Jesús sufrió por mí ese dolor de la cruz y abre la puerta de la vida.
Mi vida en Él en la tierra es verdadera. Hay sufrimiento y muerte. Me
pesa mucho la cruz. Y no se cómo hacer que tenga sentido.
Pero hoy miro a Jesús en la cruz, toco el sepulcro vacío, y todo
cobra un sentido. Mi vida en Jesús tiene sentido. El sufrimiento y la
cruz. Las caídas y la persecución. Da sentido a todo lo mío.
Quiero correr esta mañana a la tumba vacía. Como lo hizo María, como lo hicieron Pedro y Juan: “El
primer día de la semana, María Magdalena fue al sepulcro al amanecer,
cuando aún estaba oscuro, y vio la losa quitada del sepulcro. Echó a
correr y fue donde estaba Simón Pedro y el otro discípulo, a quien tanto
quería Jesús, y les dijo: – Se han llevado del sepulcro al Señor y no
sabemos dónde lo han puesto. Salieron Pedro y el otro discípulo camino
del sepulcro. Los dos corrían juntos, pero el otro discípulo corría más
que Pedro; se adelantó y llegó primero al sepulcro; y, asomándose, vio
las vendas en el suelo; pero no entró. Llegó también Simón Pedro detrás
de él y entró en el sepulcro: vio las vendas en el suelo y el sudario
con que le habían cubierto la cabeza, no por el suelo con las vendas,
sino enrollado en un sitio aparte. Entonces entró también el otro
discípulo, el que había llegado primero al sepulcro; vio y creyó”.
Fueron y vieron. Y creyeron. Encontraron la tumba vacía. El sudario
recogido. La ausencia de la muerte. Un sepulcro vacío es la mejor razón
para la esperanza. El mejor argumento para ahuyentar la duda.
Temen los fariseos. Han robado el cuerpo. La peor de las mentiras.
Decir que está vivo el que ha muerto. Tal vez un tiempo sería posible
mantener una mentira así. Pero no tanto tiempo. Jesús está vivo.
Y cuando en Tierra Santa entro en el sepulcro vacío, me conmuevo. Toco el lugar donde estuvo. Pero allí ya no está Él. Esa tumba vacía es el fundamento más firme de mi fe. Me sostiene en mi camino. Un sepulcro vacío. La losa en la que reposó su cuerpo sin vida.
Corro hasta la tumba vacía. Para saber, igual que Pedro y Juan, si es
todo verdad o mentira. Y lo sé. Porque lo he visto. Mi alegría no está
vacía. Tengo pruebas en mi vida. Jesús resucita para llegar hasta mí.

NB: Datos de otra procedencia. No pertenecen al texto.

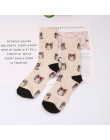 Moda szczęśliwy śmieszne skarpetki bawełna miękkie Sox piękny krzywa kobiety panie dziewczyny Harajuku ptak puppy kot sztuki ska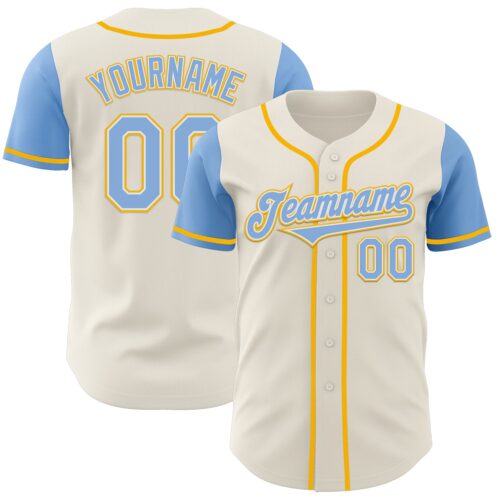 TwoTone0686 Custom Cream Light Blue White-Gold Authentic Two Tone Baseball Jersey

Para darme una paz duradera.
No quiero quedarme en la alegría del domingo de ramos. Una alegría
llena de triunfos humanos, de alabanza y gratitud. Es necesaria esa
alegría. Pero quiero más.
A menudo sólo soy feliz si cumplo mis objetivos. Si Dios no me quita nada de lo que tengo. Si mis deseos se hacen realidad.

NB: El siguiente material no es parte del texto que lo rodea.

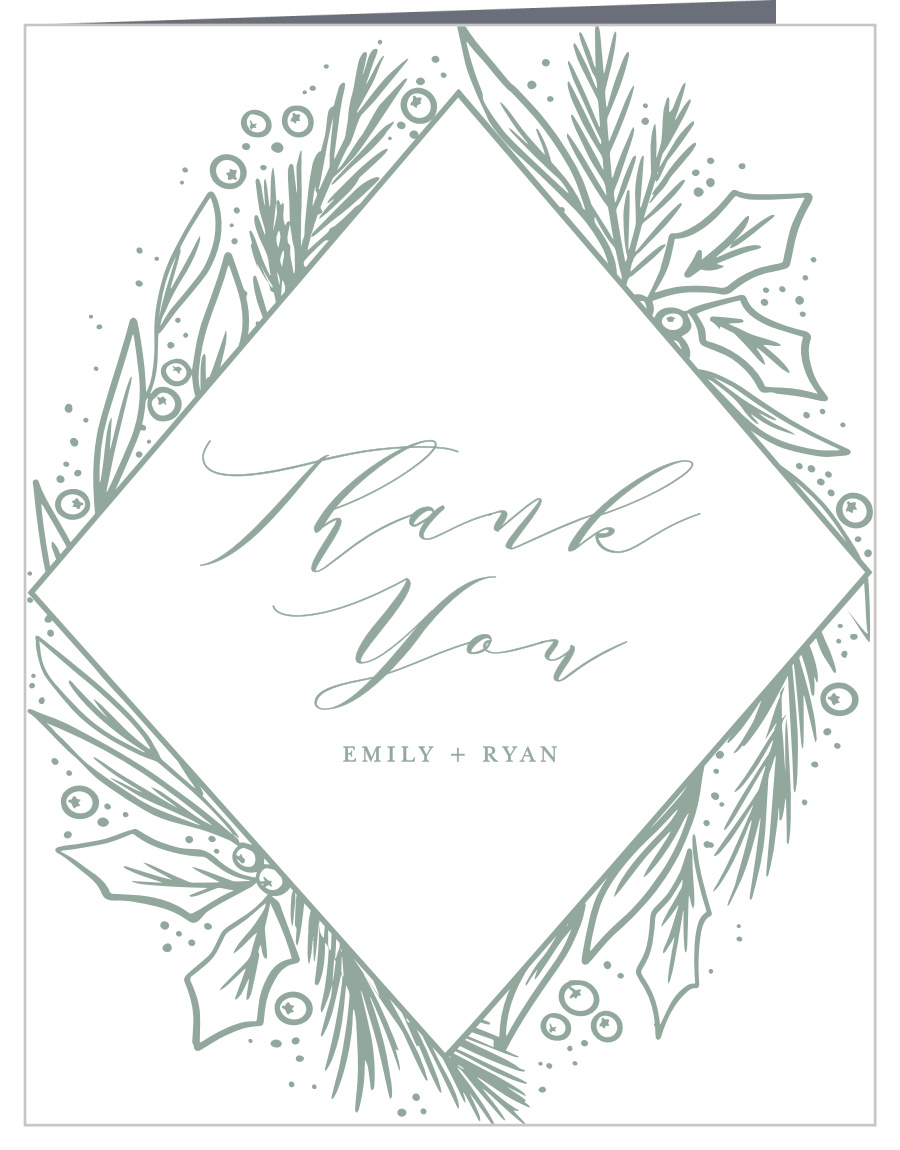 Winter Wreath Wedding Thank You Cards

Y alabo a Dios por las maravillas que ha hecho en mi vida. Sin
sufrimiento, sin dolor. Esa alegría es verdadera. Tiene la inocencia del
primer amor.
Pero ahora este domingo mi alegría tiene mucho de verdad. Jesucristo ha vencido mi muerte. La última palabra no la tiene esa oscuridad del sepulcro. La tumba está vacía.

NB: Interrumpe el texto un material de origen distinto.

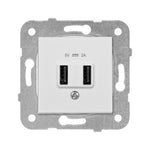 Viko Karre/Meridian Beyaz USB Priz 5V-2A – mekanizma ve kapak (çerçeve dahil değildir)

Yo lo he visto en Tierra Santa. Pero lo veo de nuevo en mi vida cuando veo cómo Dios ha cambiado mi tumba vacía, mi alma donde hay muerte y me ha dado su vida plena.
Quiero aprender a vivir una vida nueva. Le pido a Dios más fe. Para
gritar que Jesús no está muerto, que está vivo. Quiero correr de nuevo a
tocar el sepulcro vacío. Quiero resucitar este domingo en los brazos de Jesús.
El padre José Kentenich comenta: “Al progresar en la vida mística
nos vamos sumergiendo más y más en Dios, de tal manera que podemos
decir con san Pablo: – No soy yo quien vive, sino que es Cristo quien
vive en mí. El Señor utilizará todas nuestras capacidades para vivir en
nosotros y obrar a través de nosotros. Utilizará nuestro entendimiento,
memoria, manos y pies. Pero esto no significa caer en el quietismo o la
pasividad. Al contrario, nuestra docilidad ante Dios y el ofrecimiento
de nuestras capacidades a Dios para que Él obre según su voluntad,
constituyen un acto de heroísmo”[2].
Vivir la Semana Santa en mi corazón es dar un paso más en ese
parecerme a Cristo. Estoy llamado a ser otro Cristo entre los hombres.
¡Qué lejos estoy todavía! Mi pecado me pesa. Mi debilidad. Quiero
resucitar a una vida nueva. A una vida verdadera y vencer en los brazos
de Jesús.
La comunión en cada Eucaristía es un paso más en esa transformación
interior. Jesús cambia mi corazón de piedra. Ensancha los muros de mi
alma. Fortalece mis fundamentos. Me vacía para llenarme de su fuerza. Le
ofrezco todo lo que soy para que haga en mí un hombre nuevo.
La cima de la vida cristiana no consiste en no pecar. Nunca dejaré de pecar. Lo sé. Pero le pido a Dios el milagro más grande. Que surja la vida en mi alma, su vida. Que me asemeje a Jesús. Que viva en Él mi muerte y el paso a la vida. Quiero que su voz se escuche en mi voz. Y sus manos se muevan en mis manos.